Charley's Aunt, Menier Chocolate Factory | reviews, news & interviews
Charley's Aunt, Menier Chocolate Factory
Charley's Aunt, Menier Chocolate Factory
Sitcom star Mathew Horne is no drag in this boisterous revival
A revival of an old play with a broad sense of fun and a turbo-charged role for a co-star of hit sitcom Gavin & Stacey? No, not One Man, Two Guvnors, but this well-dressed production of the classy 1892 farce by Brandon Thomas starring Mathew Horne. One cannot help thinking that the Menier is hoping that this might do for Horne what One Man... did for James Corden.
The Chocolate Factory's stage is so crowded with Victorian props it almost feels as if the front rows are actually in the smart undergraduate digs of Jack Chesney (Dominic Tighe) when he hatches a cunning, asking-for-trouble plot with chum Charley Wykeham (Benjamin Askew). They want to lunch their respective amours but need a chaperone and unfortunately Charley's rich aunt Donna Lucia D'Alvadorez is waylaid on her way back from Brazil, "where the nuts come from". Then who should pop by but the excitable Lord Fancourt Babberley (Mathew Horne) who happens to have a dress handy. Before you can say Lily Savage, Babberley is reluctantly dolled up as Donna and the fun starts.
This is essentially the Mathew Horne show, but can he cut it? The plot is complex, variously involving Chesney's father (Steven Pacey) and "boiled owl" Stephen Spettigue (Norman Pace, utterly unrecognisable from his Hale and Pace double act days) both in pursuit of Donna before the real Donna (Jane Asher) arrives but keeps her identity secret. Along the way the two girlfriends Kitty Verdun (Leah Whitaker) and Amy Spettigue (Ellie Bevan) drift from the action, but then so does everybody else at times. This is essentially the Mathew Horne show, much in the same way it became the Arthur Askey show when the diminutive comic played the role in the film version, but can he cut it?
Luckily Horne is up to the job. He was recently seen overegging the fruitcake pudding as an eccentric headmaster in the BBC Three sitcom Bad Education, but onstage his hyperactive performance works very well. Horne has a kind of ugly/beautiful face that shuffles perfectly through umpteen zippy expressions from pained grimace and embarrassment through to perverse pleasure and then panic as the plot thickens. He is also good at physical humour, sitting with beskirted legs splayed wide apart as he chows down on a cigar or charging headlong into his frock when he has to dress quickly.

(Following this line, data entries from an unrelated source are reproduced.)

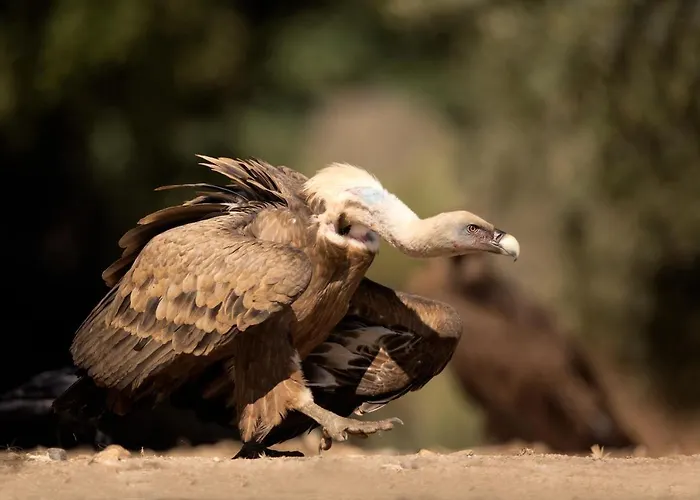 Летний дом Eco-lodge En La Reserva Privada Campanarios De Azaba - Proyecto De Conservacion *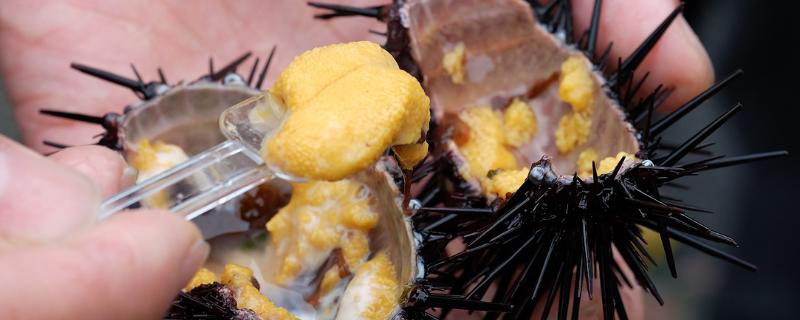 大連海膽什么時(shí)候肥，什么時(shí)候是大連海膽季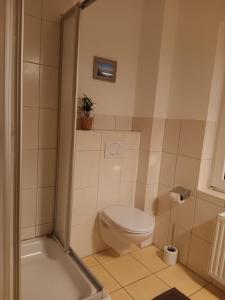 Apart-Zwergmoewe-im-Moewennest-Tossens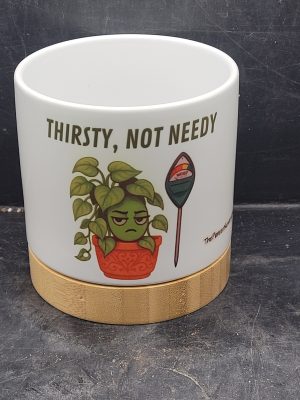 The Pioneer Nursery 4” Ceramic Planter Pot – “Thirsty Not Needy” Cactus Design with Bamboo Base & Drainage Hole
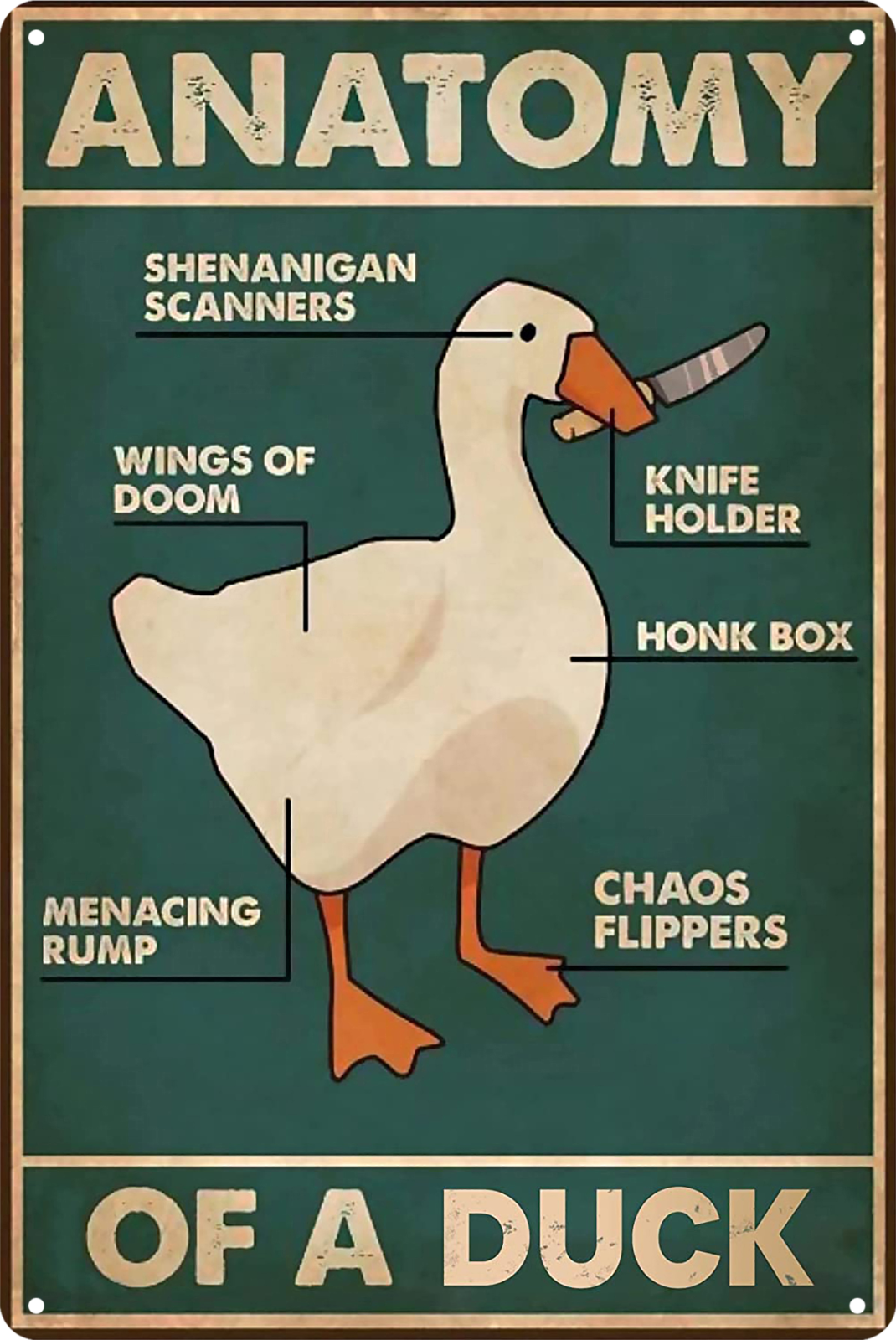 Anatomy Of A Duck Tin Sign Rustic Look  Retro 20x30cm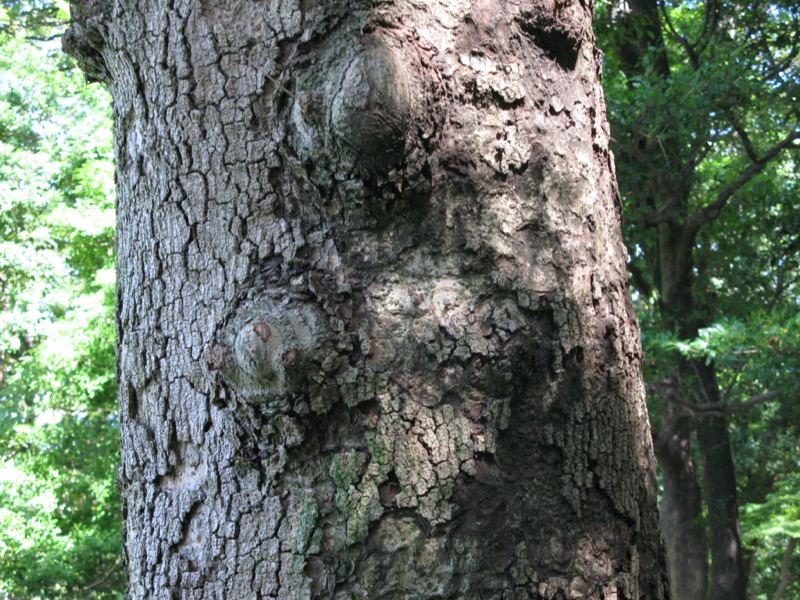 小石川後楽園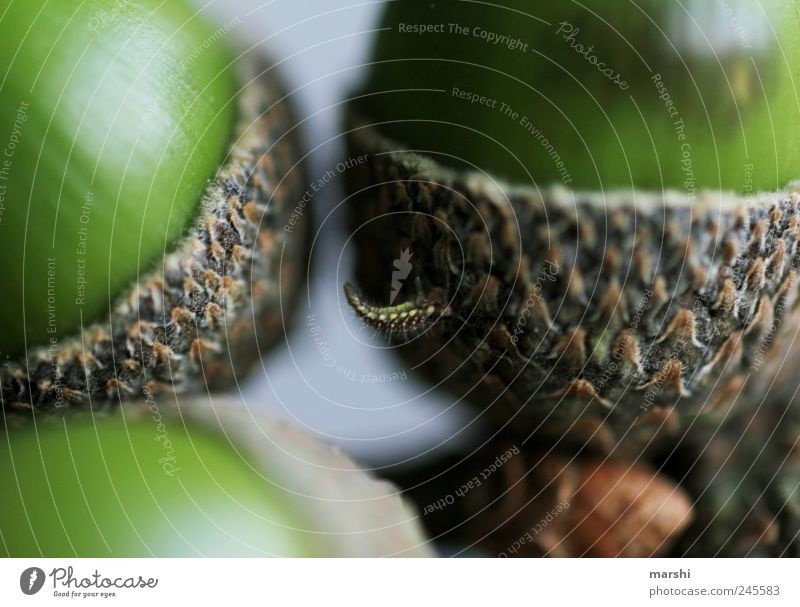 there's who's stuck Environment Nature Plant Animal Brown Green Worm Caterpillar Acorn Fruit Detail Close-up Colour photo Exterior shot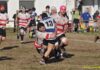 Rugby Serie C – Girone Promozione: il Mantova si arrende al Casalmaggiore (12-9)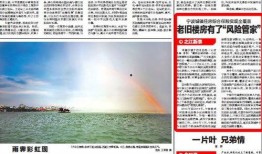 宁波爆料栏最新事情,惊现神秘事件，真相即将揭晓！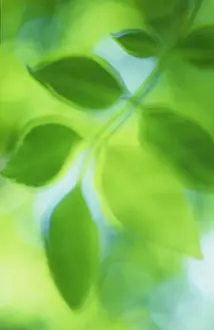 Fraxinus: Ash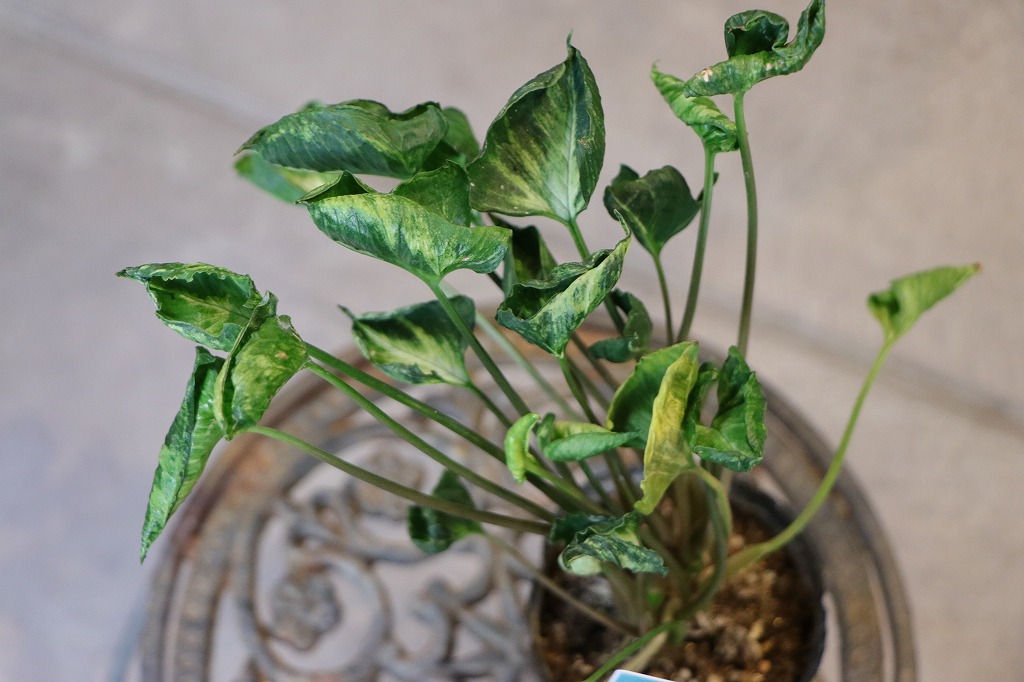 斑入り シンゴニウム シュリンクハート 3〜3.5号ポット苗 シンゴニューム 観葉植物 鉢植え お洒落 可愛い インテリア 室内 苗 初心者 希少 カラーリーフ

Compared to One Man... the slapstick element is more subtle and not always executed quite so smartly. One bit of business involving a top hat and teapot could have generated more laughs if done with a different emphasis. In fact at times director Ian Talbot could have encouraged more chasing around the stage, more hiding behind the piano and maybe even more falling over after a rather effective pratfall from Benjamin Askew in the opening act. Maybe a larger stage will allow that.
The result is very much a period piece but all the funnier for it. If there is a contemporary echo it is in the Cameron/Clegg resonance of the public school chumps Chesney and Wykeham. It may not be coincidental that between acts "The Eton Boating Song" can be heard in the background. But this is a small concession to topicality if one at all. The acting is uniformly watchable, with Pacey's old colonial offering particularly good value and the porcelain beauty of Jane Asher (left, with Charlie Clemmow) contrasting nicely with Horne's blokey femininity.
There is no attempt to update the cross-dressing. No Crying Game pull-back-and-reveal or Some Like It Hot "nobody's perfect" pay-off. This feels pretty faithful to the version that opened at The Royalty in Dean Street in 1892 before quickly transferring to The Globe where it was so successful carriages would collide in their rush to deliver passengers to the door. I don't think this will be quite the same talk of the town a century on, but for simple escapism one could do a lot worse than lob yourself back to the naughty Nineties.